Your task
Write out each record below exactly, but not the pictures.

Recorded data
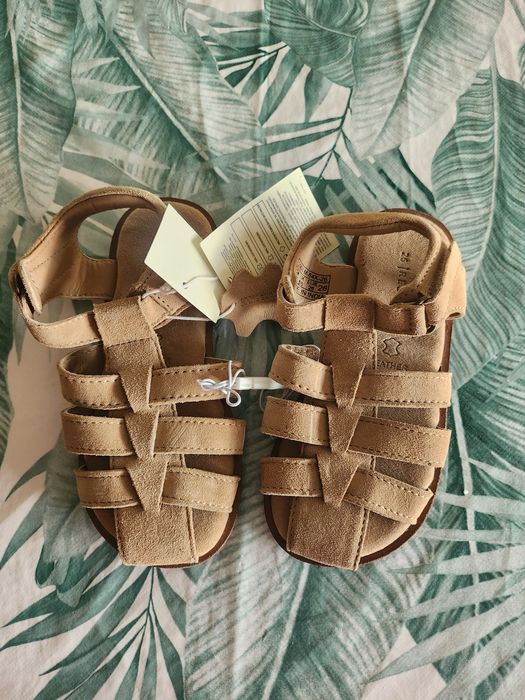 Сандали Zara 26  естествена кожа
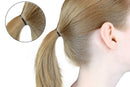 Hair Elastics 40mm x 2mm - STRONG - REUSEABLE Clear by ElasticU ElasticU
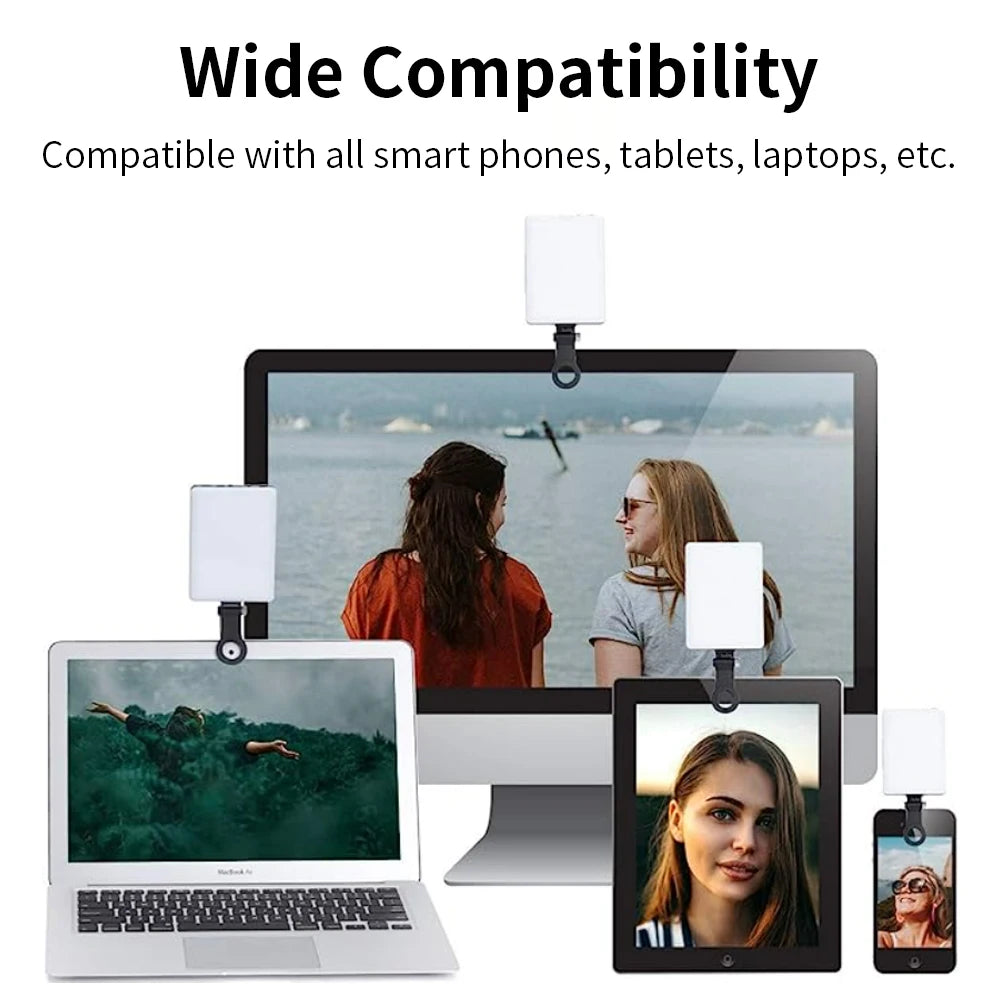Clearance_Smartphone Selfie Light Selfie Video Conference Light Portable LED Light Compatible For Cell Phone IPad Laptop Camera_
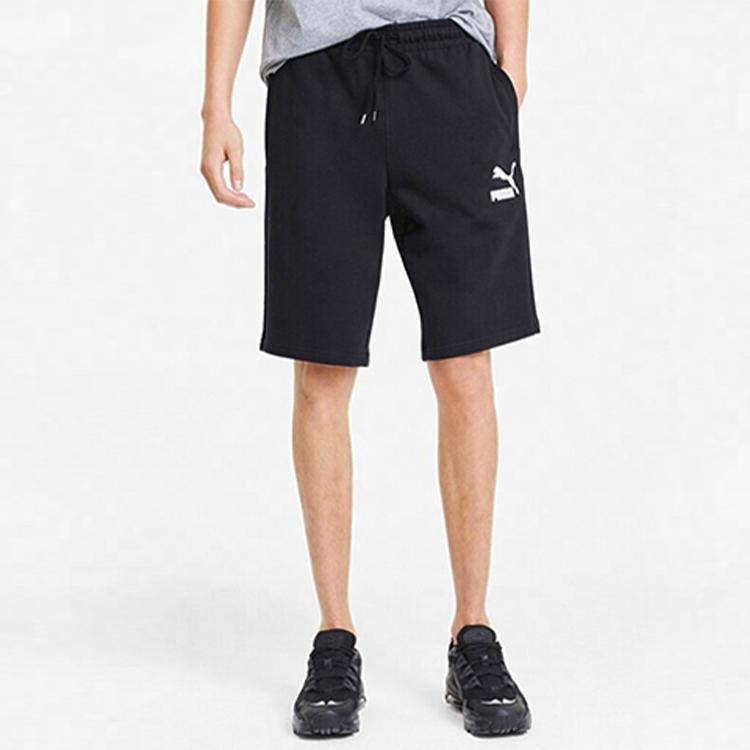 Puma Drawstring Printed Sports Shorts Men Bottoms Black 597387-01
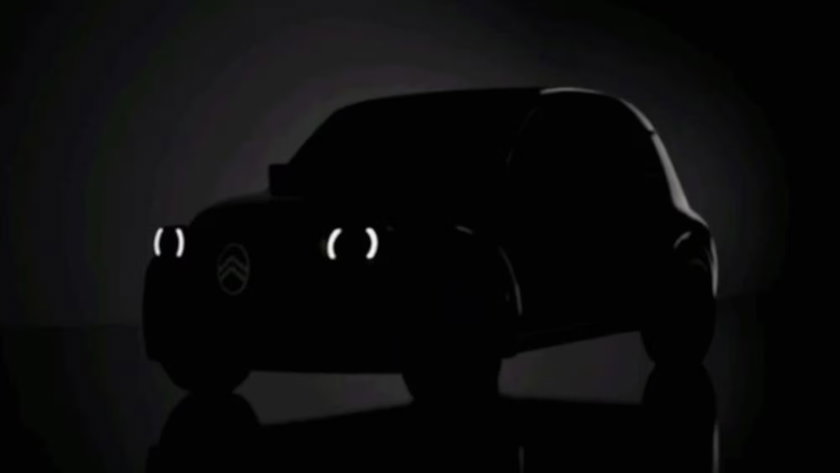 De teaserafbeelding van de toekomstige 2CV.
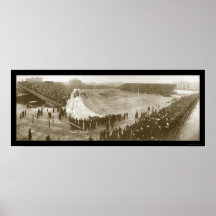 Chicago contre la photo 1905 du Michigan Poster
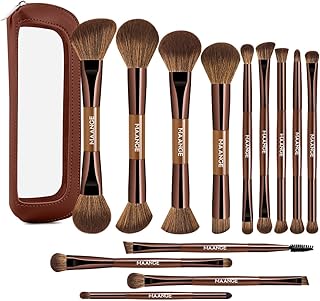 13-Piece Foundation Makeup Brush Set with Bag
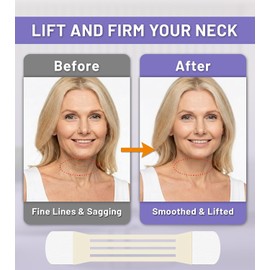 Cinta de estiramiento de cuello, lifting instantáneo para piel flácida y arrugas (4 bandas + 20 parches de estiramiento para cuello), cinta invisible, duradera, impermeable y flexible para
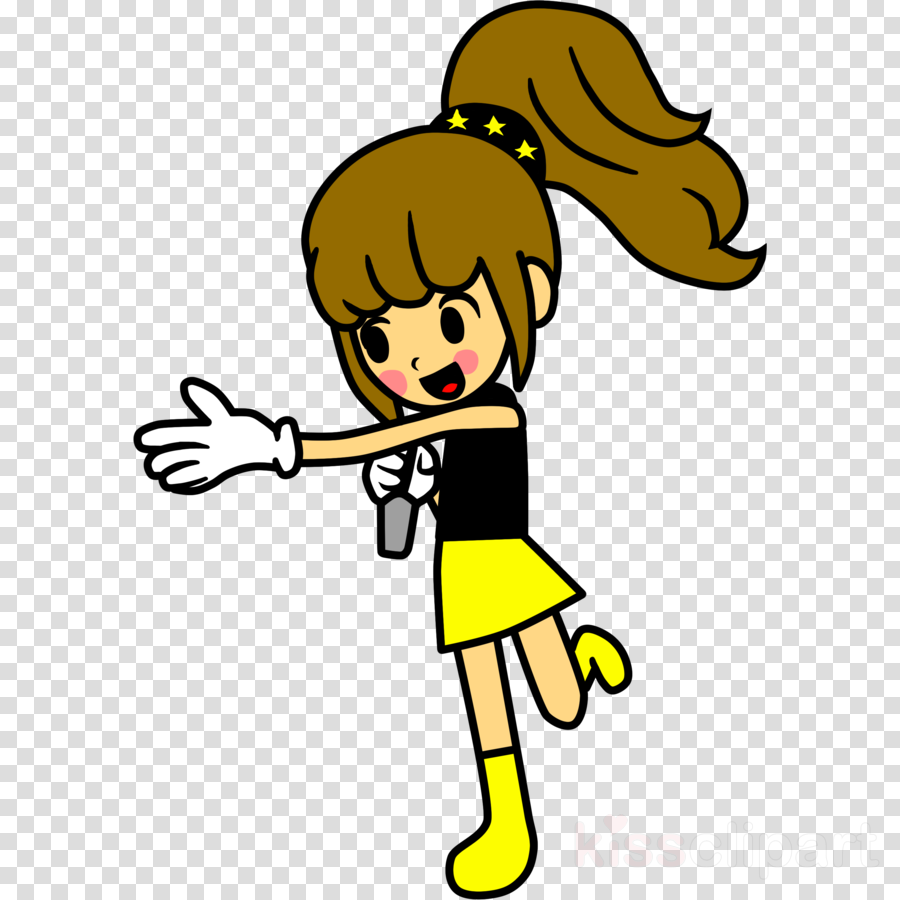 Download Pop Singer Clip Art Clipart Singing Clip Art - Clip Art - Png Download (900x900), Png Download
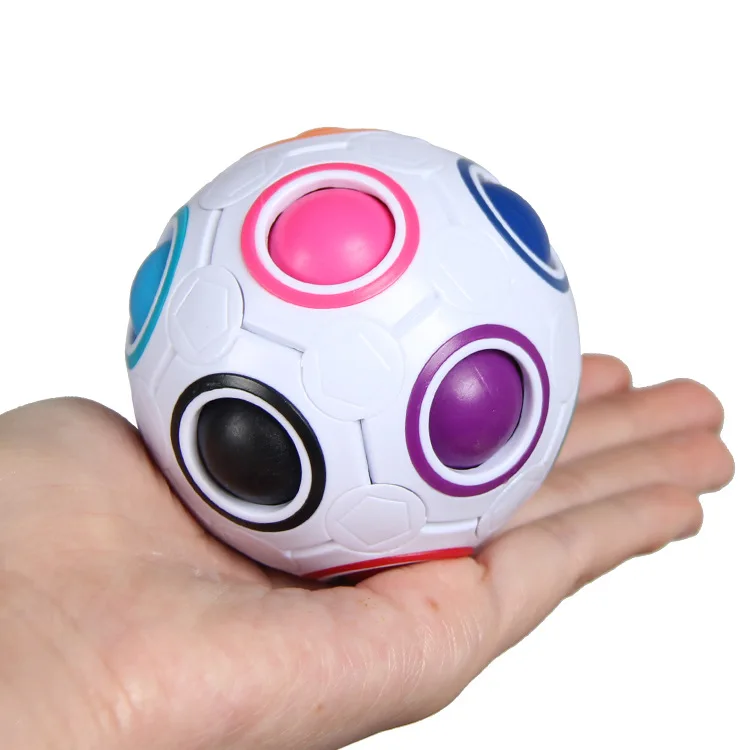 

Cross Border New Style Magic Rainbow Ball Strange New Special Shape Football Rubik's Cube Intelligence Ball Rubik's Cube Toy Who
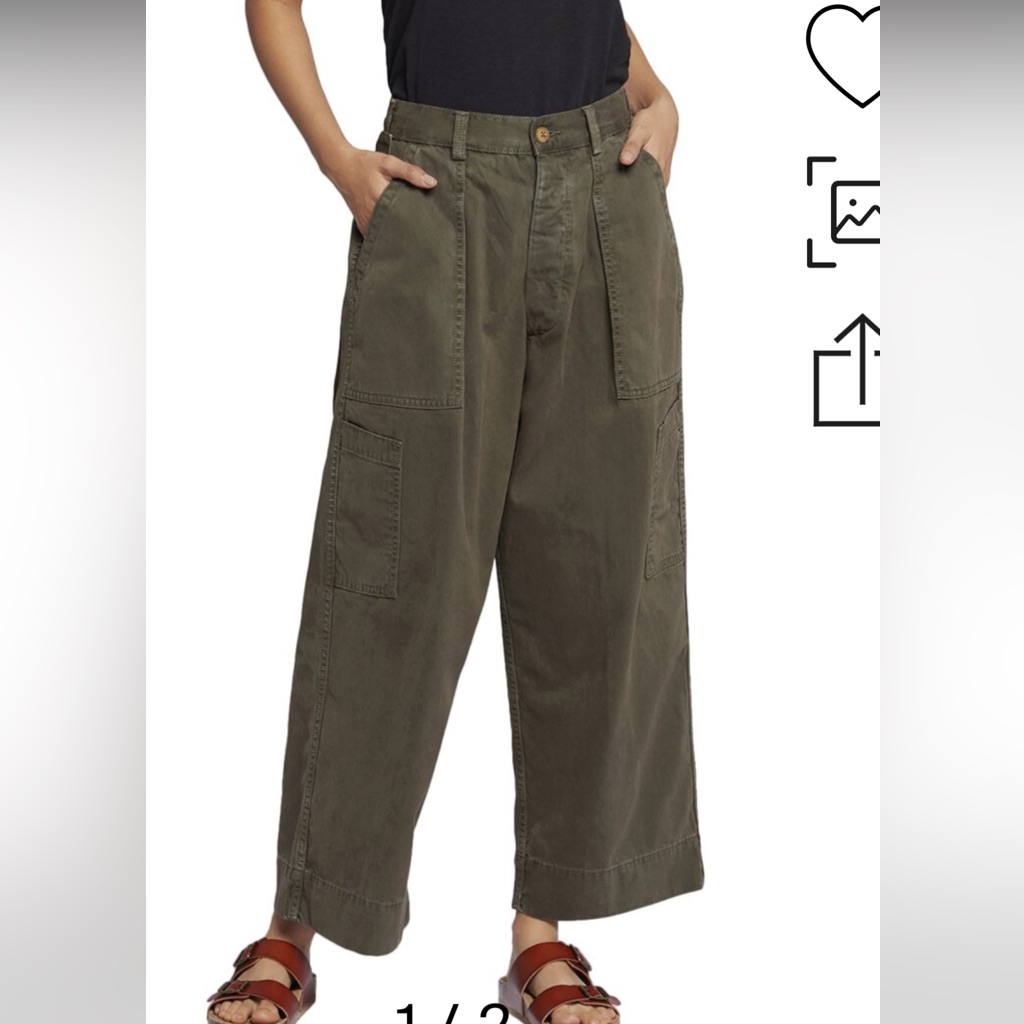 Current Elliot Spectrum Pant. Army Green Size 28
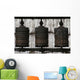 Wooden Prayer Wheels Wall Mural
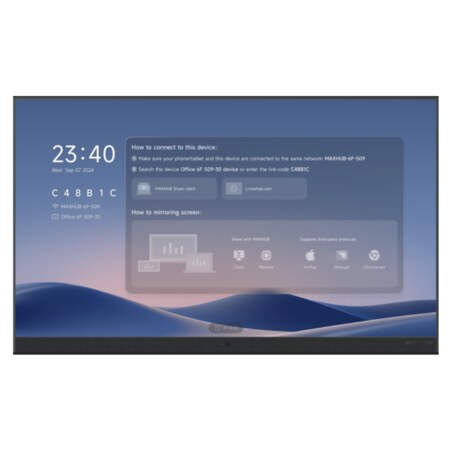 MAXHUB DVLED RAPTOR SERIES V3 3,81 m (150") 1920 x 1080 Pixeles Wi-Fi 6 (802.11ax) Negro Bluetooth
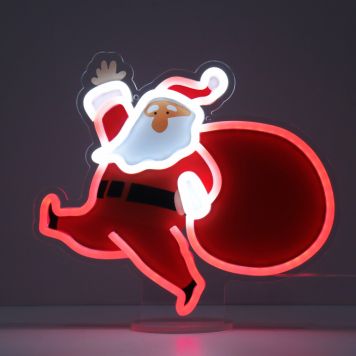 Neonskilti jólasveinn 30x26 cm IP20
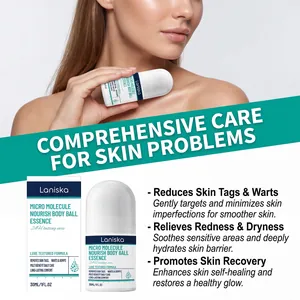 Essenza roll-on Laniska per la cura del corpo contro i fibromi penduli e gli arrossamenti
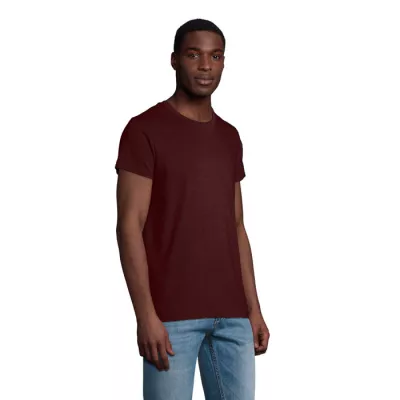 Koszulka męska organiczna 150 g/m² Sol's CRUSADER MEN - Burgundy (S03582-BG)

The answer
 Сандали Zara 26  естествена кожа
 Hair Elastics 40mm x 2mm - STRONG - REUSEABLE Clear by ElasticU ElasticU
Clearance_Smartphone Selfie Light Selfie Video Conference Light Portable LED Light Compatible For Cell Phone IPad Laptop Camera_
 Puma Drawstring Printed Sports Shorts Men Bottoms Black 597387-01
 De teaserafbeelding van de toekomstige 2CV.
 Chicago contre la photo 1905 du Michigan Poster
 13-Piece Foundation Makeup Brush Set with Bag
 Cinta de estiramiento de cuello, lifting instantáneo para piel flácida y arrugas (4 bandas + 20 parches de estiramiento para cuello), cinta invisible, duradera, impermeable y flexible para
 Download Pop Singer Clip Art Clipart Singing Clip Art - Clip Art - Png Download (900x900), Png Download

Cross Border New Style Magic Rainbow Ball Strange New Special Shape Football Rubik's Cube Intelligence Ball Rubik's Cube Toy Who
 Current Elliot Spectrum Pant. Army Green Size 28
 Wooden Prayer Wheels Wall Mural
 MAXHUB DVLED RAPTOR SERIES V3 3,81 m (150") 1920 x 1080 Pixeles Wi-Fi 6 (802.11ax) Negro Bluetooth
 Neonskilti jólasveinn 30x26 cm IP20
 Essenza roll-on Laniska per la cura del corpo contro i fibromi penduli e gli arrossamenti
 Koszulka męska organiczna 150 g/m² Sol's CRUSADER MEN - Burgundy (S03582-BG)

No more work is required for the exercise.